The governance question, translated into operational terms, is this: if an FDA investigator arrived at your organization tomorrow and asked to see the records of your AI system's performance monitoring for the past ninety days, the change control decisions made under your PCCP for the past year, and the post-market surveillance data that informed your most recent labeling review, could you produce them?
If the answer is no — or if the answer is that the data exists in fragmented form across multiple teams without a clear audit trail — then your SaMD compliance posture is a policy posture, not an operational one. The exposure is not in what you filed. The exposure is in the gap between what you filed and what you built.
The same question applies to health systems deploying vendor AI SaMD. Your vendor's regulatory clearance does not transfer their post-market obligations to you. As a deployer, you bear obligations for how you deploy, configure, and monitor the AI system within your clinical environment. Those obligations require governance infrastructure on your side of the relationship, including contractual clarity about which monitoring obligations the vendor fulfills and which you must maintain independently.
Key Takeaways
FDA SaMD classification is a governance determination, not only a legal one. Clinical, product, and operations teams must jointly assess how AI systems are actually used. Classification must be revisited at product change events, not treated as permanently settled.
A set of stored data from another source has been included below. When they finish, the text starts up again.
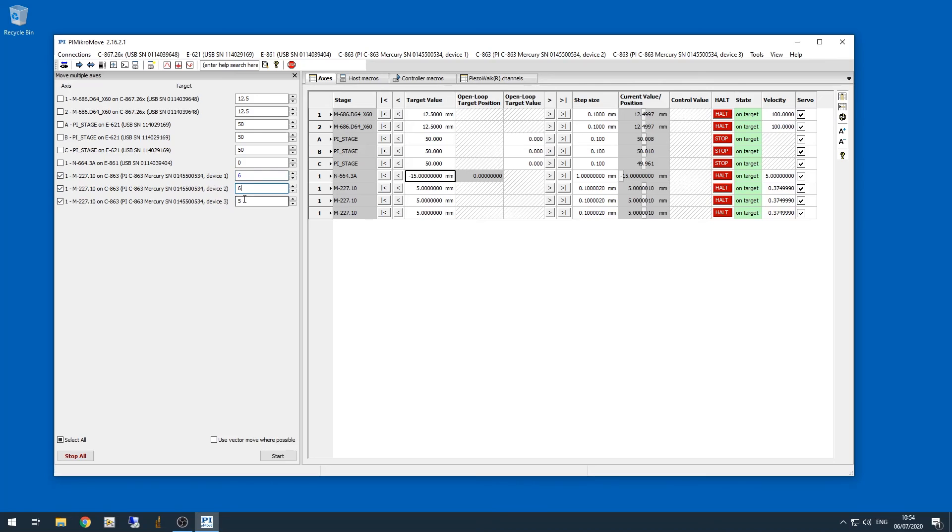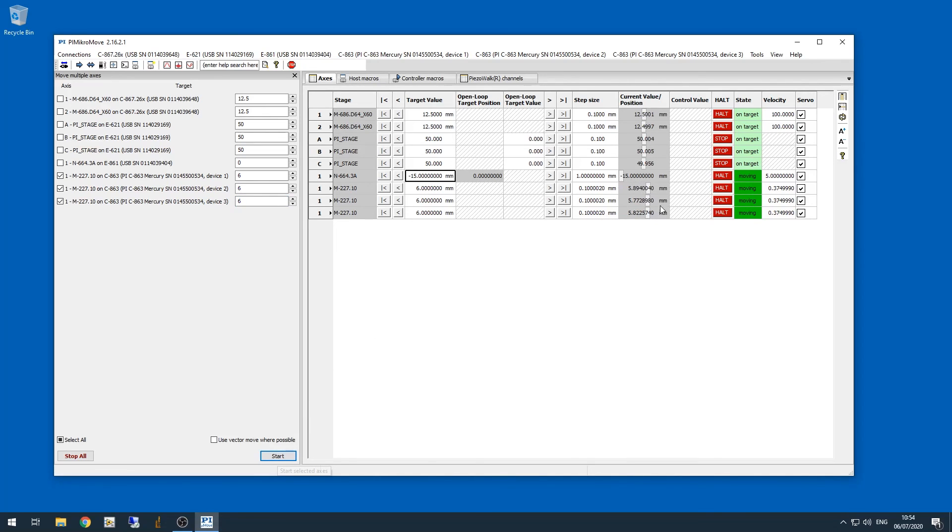Now we can type in new values, we'll type in values for all three, and then we'll click start. And now all three axes, all three DC mic motors, are going to move together.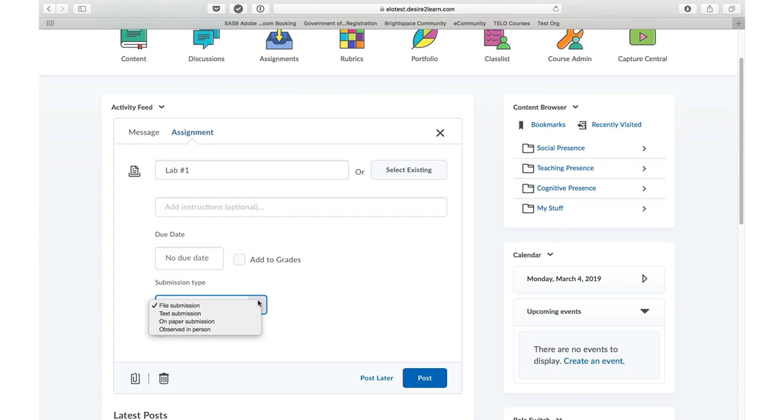Students can attach a file, type directly into the text box, or you can observe information either on paper or in person and simply provide feedback.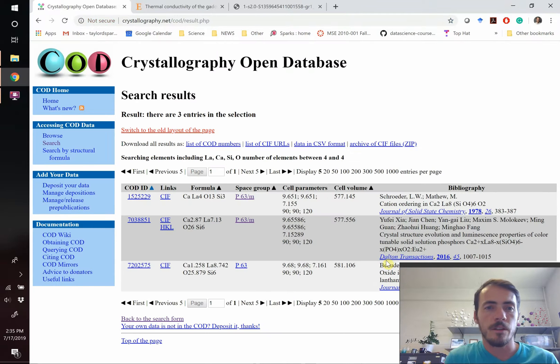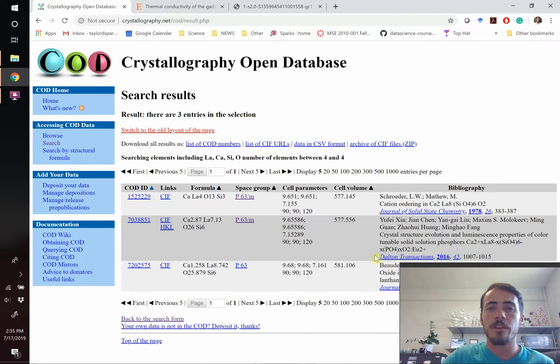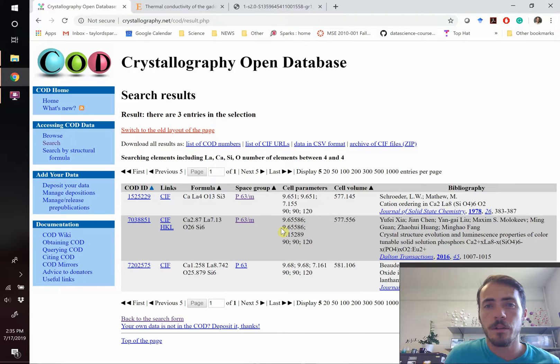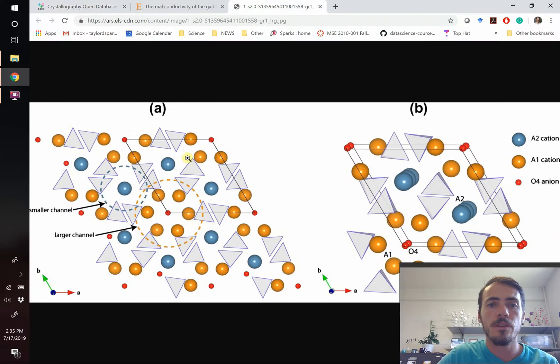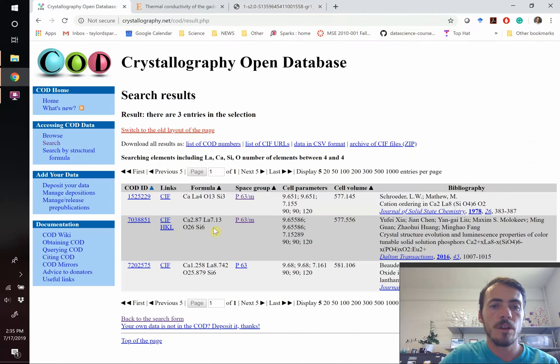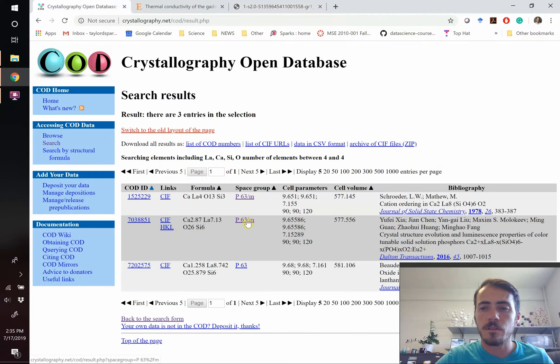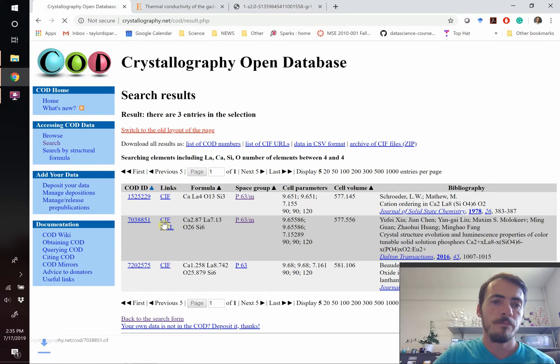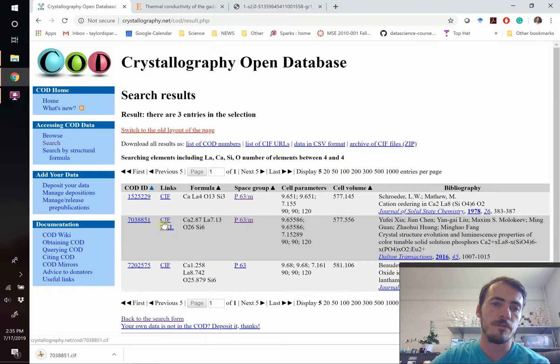And sure enough, we get some candidates that hit. Now again, these will have different lattice parameters. You changed an ion. They might have different site occupancies, but we're still going to be able to make this figure pretty accurately. So let's go ahead and grab this. Remember we wanted the P63/M space group. So we're going to grab that one, download the CIF file, and we'll open it up in Vesta.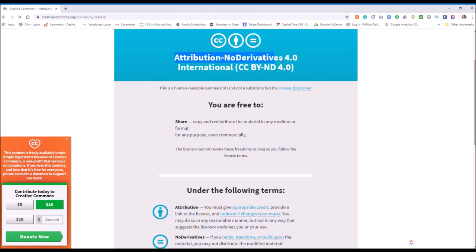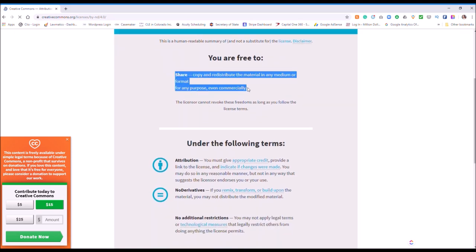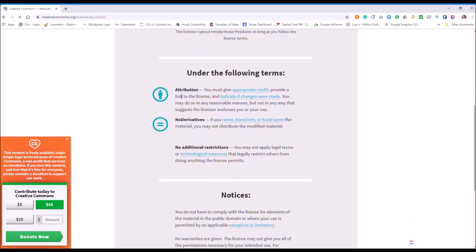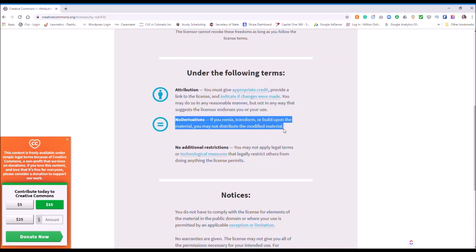Then there's Attribution No Derivatives, which means you can't remix, transform, or build upon the work. There are two sets of identical licenses — one for commercial use and one for non-commercial use. If you're using music for your business or generating income from your channel directly or indirectly, that's commercial use. Best practice is to use the Attribution license as much as possible for commercial use, because it gives you the most flexibility with the work.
The Predetermined Change Control Plan is a governance architecture document. Its Software Performance Specifications define the performance bounds the AI system must maintain; its Performance Assessment Plan defines the monitoring, reporting, and change authority infrastructure required to keep it there. Both must be operational before the PCCP is submitted.
Post-market surveillance for SaMD is a legal obligation, not an industry best practice. Organizations with no continuous monitoring infrastructure have an open compliance gap regardless of their clearance status.
FDA's post-market surveillance requirements and the NIST AI RMF MEASURE function address the same operational space. Monitoring infrastructure can be designed to satisfy both, along with EU AI Act Article 72 requirements, simultaneously.
The governance question FDA will ask is operational, not documentary. The exposure is in the gap between what documentation says and what the organization has actually built.
Health systems deploying vendor AI SaMD bear their own post-deployment obligations. The vendor's clearance does not transfer their monitoring responsibilities. Governance infrastructure is required on both sides of the relationship.